WORK INSTRUCTIONS: Type out the lines below exactly, from the first through the line holding "3936 State Highway", and include no pictures.

#### DATA RECORDS ####

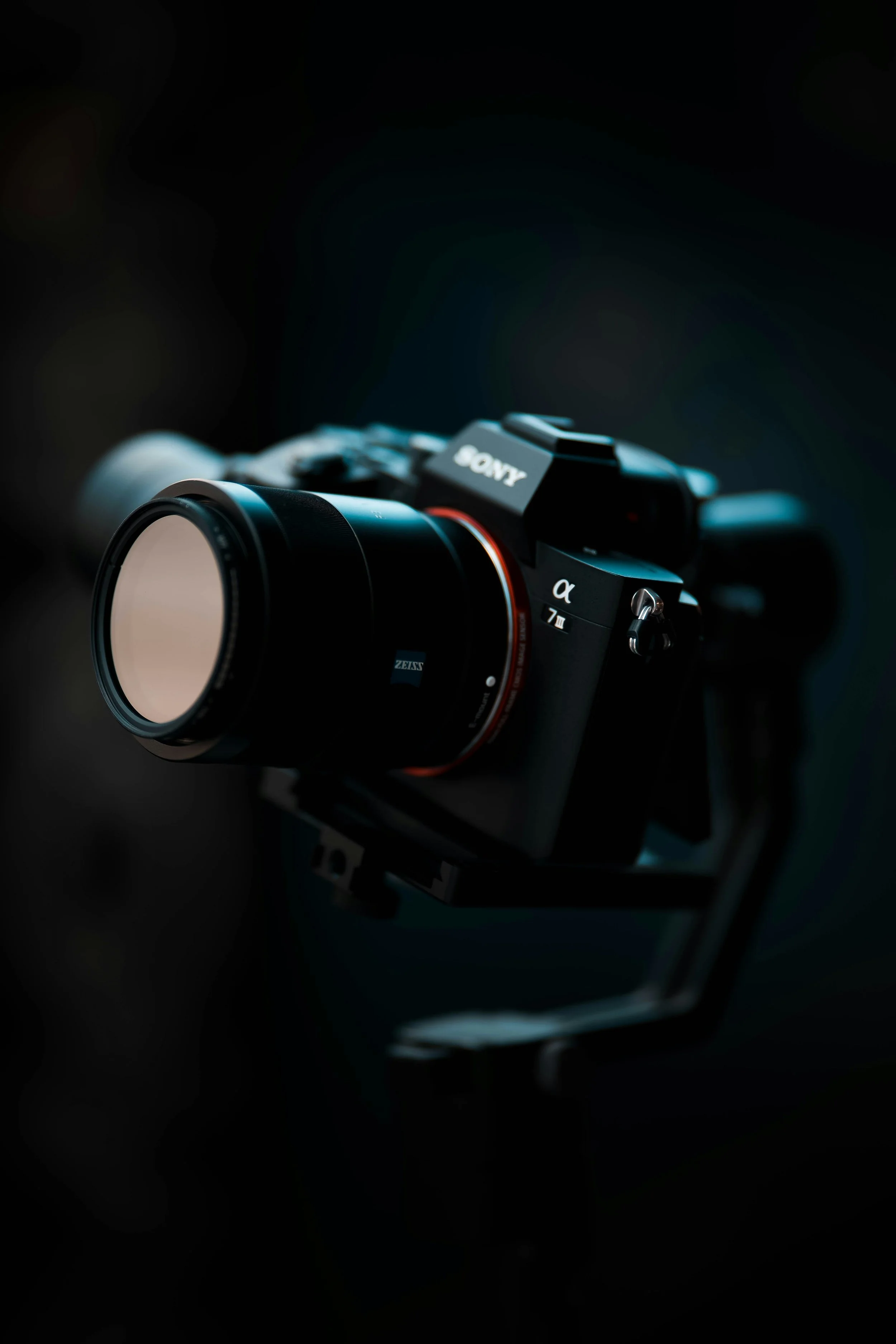 A Sony mirrorless camera with a ZEISS lens mounted on a stabilizer against a dark background.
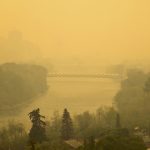 Smoke from Alberta’s active wildfires hangs over Calgary on May 16. Compounds released in forest fires can also lead to the formation of secondary pollutants in the air.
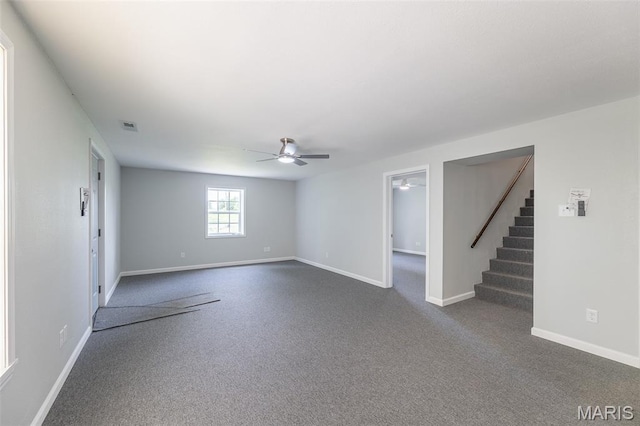 3936 State Highway 142, Doniphan, MO 63935 - empty room featuring ceiling fan, stairs, baseboards, and dark colored carpet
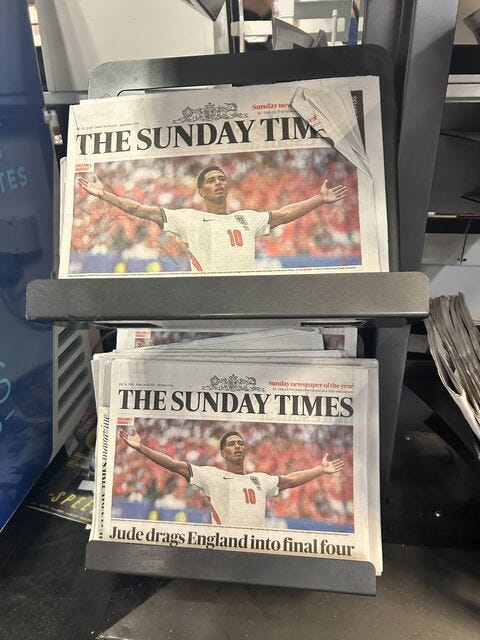 A photograph of copies of The Sunday Times newspaper stacked on a retail display stand, showing the front-page headline 'Jude drags England into final four' with a large picture of football player Jude Bellingham celebrating with open arms. A photograph of copies of The Sunday Times newspaper stacked on a retail display stand, showing the front-page headline 'Jude drags England into final four' with a large picture of football player Jude Bellingham celebrating with open arms.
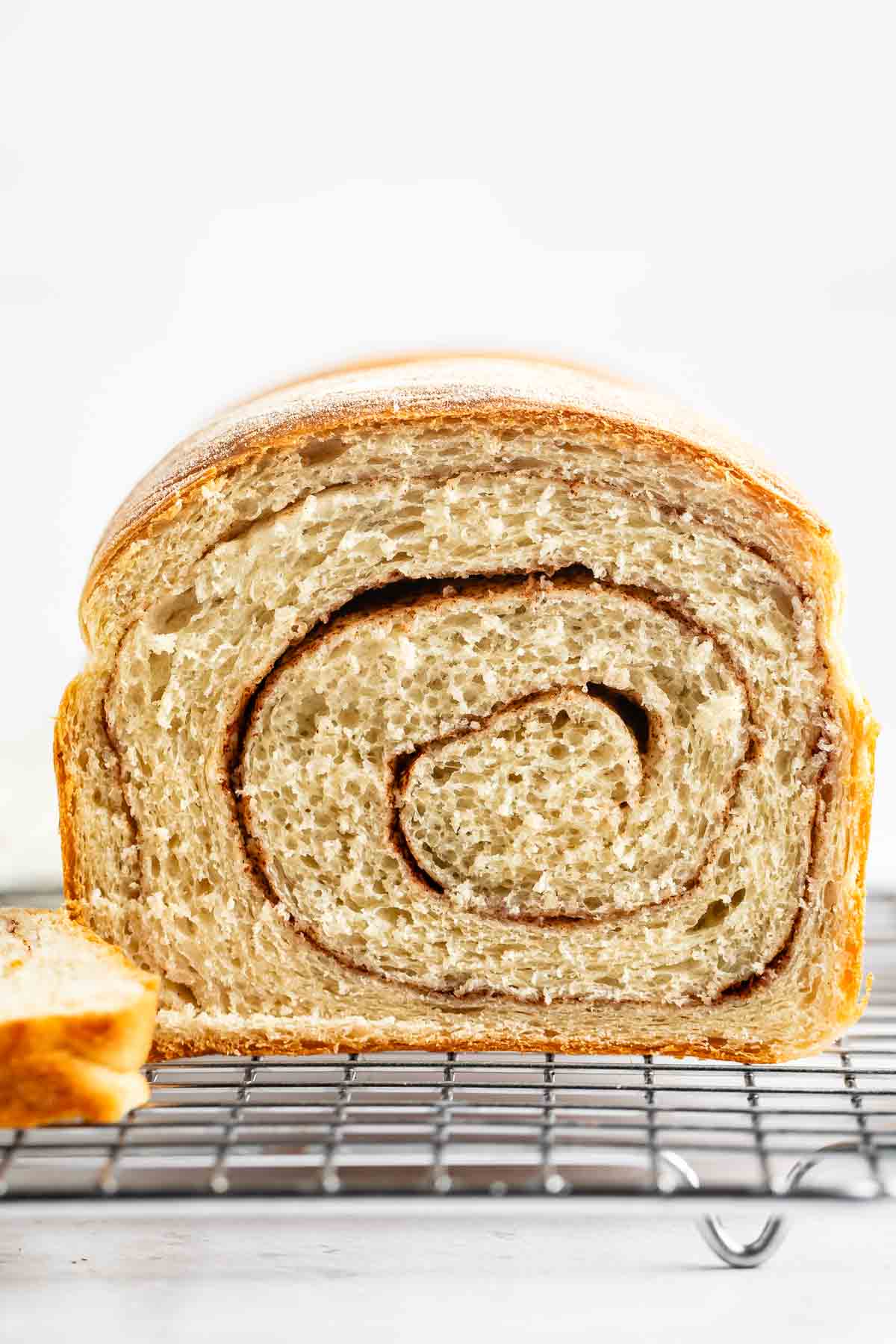 A close-up of a loaf of cinnamon swirl bread, sliced to show the spiral pattern inside, resting on a wire cooling rack with a light background.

####

ANSWER SPACE:
 A Sony mirrorless camera with a ZEISS lens mounted on a stabilizer against a dark background.
 Smoke from Alberta’s active wildfires hangs over Calgary on May 16. Compounds released in forest fires can also lead to the formation of secondary pollutants in the air.
 3936 State Highway 142, Doniphan, MO 63935 - empty room featuring ceiling fan, stairs, baseboards, and dark colored carpet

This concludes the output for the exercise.